Akram had painted the air with an imaginary brush.
Reja shouts after them once more. ‘And no graffiti. Not on our wall!’ They do
not hear her: the wind bristling up from the valley floor carries off her words.

3.
It is dusk when Reja and Papa return home, both worn out by their day in the
harsh fields; but glad, for there has been successful planting. ‘The earth is your
friend,’ Papa had said, ‘if you show your love for it. Today we did well.’
That was enough to make Reja happy. Today she did well and for doing well
she has been rewarded. ‘And God loves us to, eh, Papa?’
‘Sometimes I think he does.’
‘But not last night.’
‘He was testing our patience.’
‘Salameh has no patience.’
At the bend in the road where the track of mud and stone leads into an alley
full of shadows, Reja halts. There, on a neighbour’s wall this time, in huge scarlet
letters, are the words that provoke the rage of the Occupying Force:

THE INTIFADA RULES – OKAY.


FREEDOM OR DEATH!

To the relief of Reja and Papa, there are no messages on the wall of their
house.
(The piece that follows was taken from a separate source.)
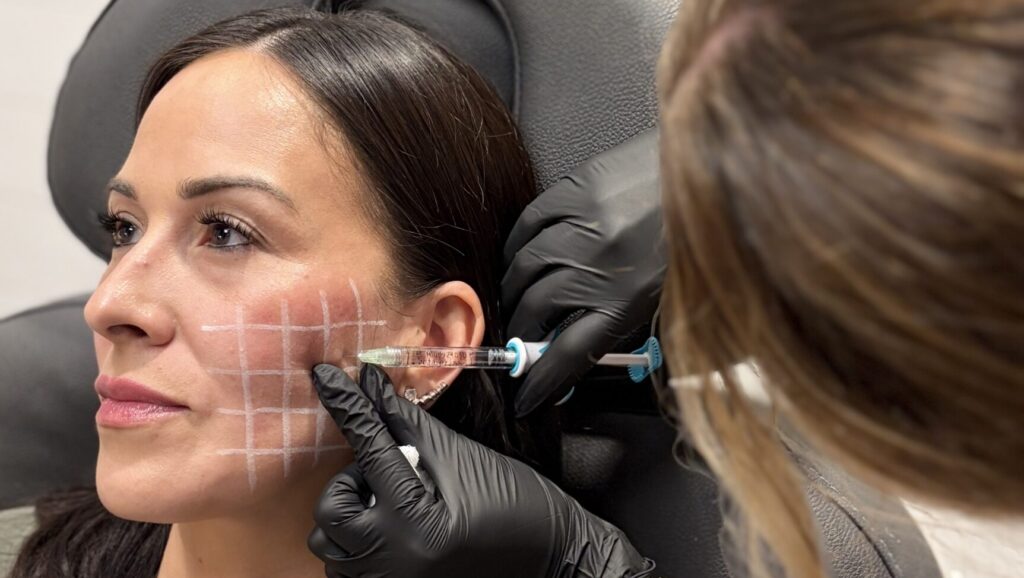 Celebrating 20 Years of Juvéderm at JEM Medspa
Deep down, however, beneath the sense of relief, Reja feels disappointment:
an emptiness as empty as the wall.
They are protecting us: had Salameh spoken out and said, ‘We have had our
turn’? Or might Akram, reluctant to endanger Reja, have insisted that Papa’s house
must not be spray-canned tonight?
Either way, there will be midnight callers. It is only right. Yet precisely
because she is safe for the moment, Reja feels anger, as if robbed of a personal
treasure: why should I be grateful for being safe?
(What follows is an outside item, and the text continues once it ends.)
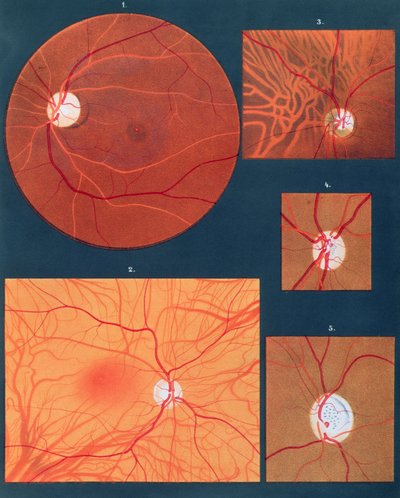 The eye seen through a microscope, from Atlas of Ophthalmoscopy, published in Paris, 1870 by Richard Liebreich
Why should I have to be ashamed of words that speak of our hopes; why
should I sigh to the bottom of my heart when the words are blanked out with
whitewash?
I am not proud of this safety. I do not feel good with myself. Today you did
well – oh yes? Today you did nothing but hide. Such feelings clash with another point
of view: so what could I have done?
‘Lie low,’ Papa always says. ‘Patience will smooth down the rock.’
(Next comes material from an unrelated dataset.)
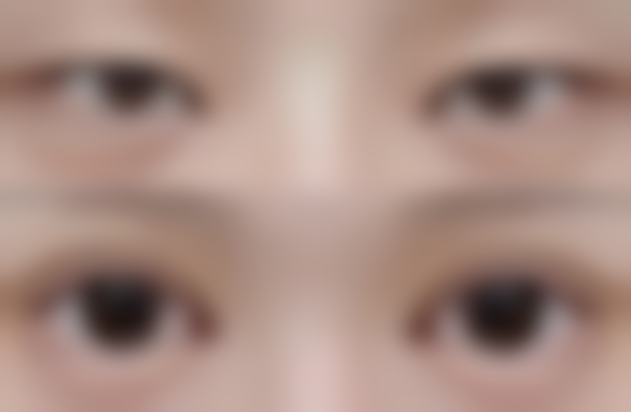 腿部抽脂的医院考量与皮肤松弛问题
Huh, when I am two hundred years old, maybe.
Salameh is back. His hands are covered in paint. He tries to wash it off, but the
paint is gloss and there is no white spirit in the house.
Papa is too weak to beat his son, even if he wished to. He will not even tell
him off. ‘So long as our wall stays clean, son, that is all I ask.’
Salameh looks away. ‘We cannot be left out, Papa. We all agreed. Tonight
every wall of every house in the village has to be painted.’ He almost shouts the
words:
‘Every single one!’
Reja and her father recognise the look in Salameh’s eye, of stubbornness that
neither argument nor force might subdue.
Papa rises in terror. ‘Then we are lost!’
It is already the hour of curfew: once the sun falls beyond the horizon, no one
is permitted on the street. Those who break curfew and are caught face prison; those
who attempt to escape are shot.
Papa makes a final appeal to his son. ‘Please, I am begging you – not our wall,
not again!’
Salameh drops his head, stares at his fingers. ‘It had to be all of us, Papa – no
exceptions. Surely you understand that?’
‘Have you forgotten last night?’
‘I agreed. I had to. We voted.’
‘This is my house – you’d no right.’
Papa fades back into silence, as he always does in moments of deep despair,
wrapping himself tightly in his own arms.
Salameh looks to his sister for support. ‘You understand, don’t you? We
couldn’t be the only ones…Wherever they go, the Masters, they’ll see our message.
Every street corner, every wall. And on roofs, doors, shutters.
‘Everywhere – our message!’ Salameh attempts to talk down the dangers,
reassure his father and sister. ‘Don’t worry – we move fast. The soldiers will never be
able to catch us up. And anyway, if everyone’s guilty, they will have to arrest the
whole village. Think of the headlines then!’
He waits, hoping for encouragement. ‘After all, Reja, it’s what you want – a
peaceful protest.’
As if convinced he is getting nowhere with Reja, Salameh says, ‘It was
Akram’s idea.’
‘More fool him! It was Akram’s idea to stone the soldiers. He lives. Asma is
dead.’
‘Akram’s brothers are in jail. His cousin was shot. Akram has suffered.’
Papa says, ‘They will come for you, son. They remember everything.’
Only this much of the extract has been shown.